Illinois ethics panel begins with small ethical lapse
Illinois Gov. J.B. Pritzker appointed a former state lawmaker to his panel on ethics and lobbying. Trouble was, the lawmaker had recently worked as a lobbyist.
Former state Rep. Steve Andersson served for about a day on Illinois’ Joint Commission on Ethics and Lobbying Reform before Gov. J.B. Pritzker discovered Andersson had worked as a lobbyist through June.
Andersson, R-Geneva, was appointed Dec. 4 after serving four years in the Statehouse and is currently a commissioner on the Illinois Human Rights Commission. Andersson became a lobbyist upon leaving office in January and worked as one through June.
The legislation that created the ethics commission stated appointees cannot be current lobbyists or have been one in the past five years. Pritzker corrected the mistake the next day by retracting Andersson’s appointment and replacing him with former Illinois Senate Minority Leader Christine Radogno, R-Lemont. Radogno served 20 years, leaving the Senate in 2017.
The misstep was quickly corrected, but the irony is notable: State leaders are creating the commission in response to federal investigations into lobbying and to pressure for tougher lobbying and ethics legislation. The group that is intended to help stop the revolving door between the legislature and lobbying briefly, and likely unknowingly, got stuck in the revolving door.

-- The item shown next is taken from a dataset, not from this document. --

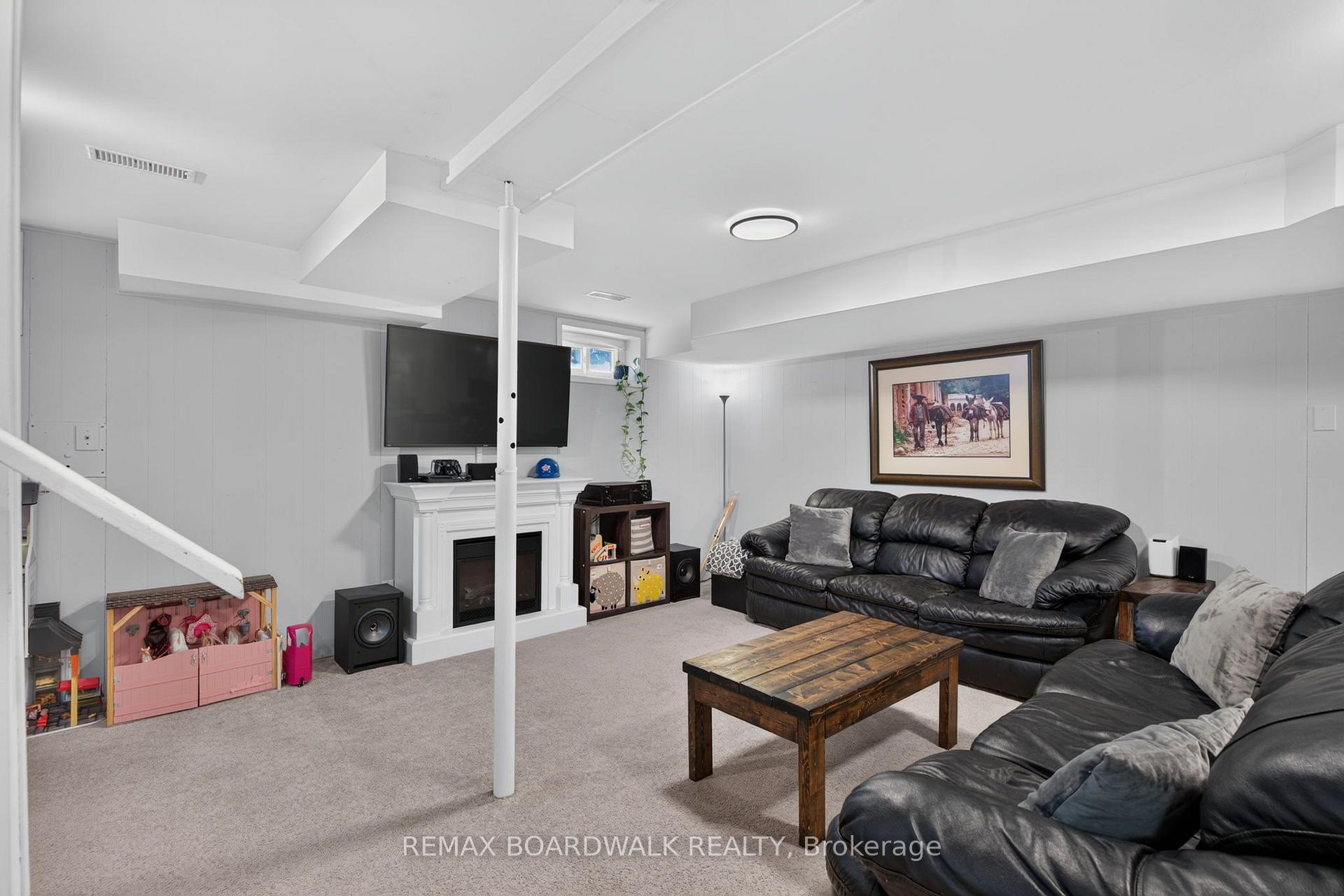 Photo 30 of 34 Binscarth Crescent, Ottawa, Kanata - Glencairn/Hazeldean — HOMEH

Both houses of the General Assembly approved the Joint Commission on Ethics and Lobbying Reform in November. Its goal is to reform the state’s ethics laws and examine the best practices from other state and local governments to find a fit for Illinois. It is a 16-member committee of individuals from both the executive branch of state government as well as the legislative branch.
Reform efforts follow numerous state legislators and lobbyists becoming the subjects of federal raids. Federal agents have specifically taken great interest in the relationship between House Speaker Michael Madigan and former ComEd lobbyist Mike McClain.
Illinois is one of just 14 states with no “revolving door” law to stop lawmakers from becoming lobbyists immediately upon leaving office. Under current law lawmakers are able to join the private sector to lobby the Statehouse as soon as they leave office. Many other states and the federal government mandate a “cooling off” period before former lawmakers can join the private sector and lobby their former colleagues.
This isn’t the first ethics commission in Illinois. An ethics task force was put together in 2009 after former Gov. Rod Blagojevich was impeached. Unfortunatly, many of its recommendations were not taken up, including fair maps, term limits for legislative leadership and rule changes to rein in the power of legislative leadership.
Corruption annually costs the state at least $550 million.
Lawmakers have the opportunity this year to change the direction of the state in terms of ethics. State leaders should make reforming Illinois’ costly culture of corruption their priority in 2020.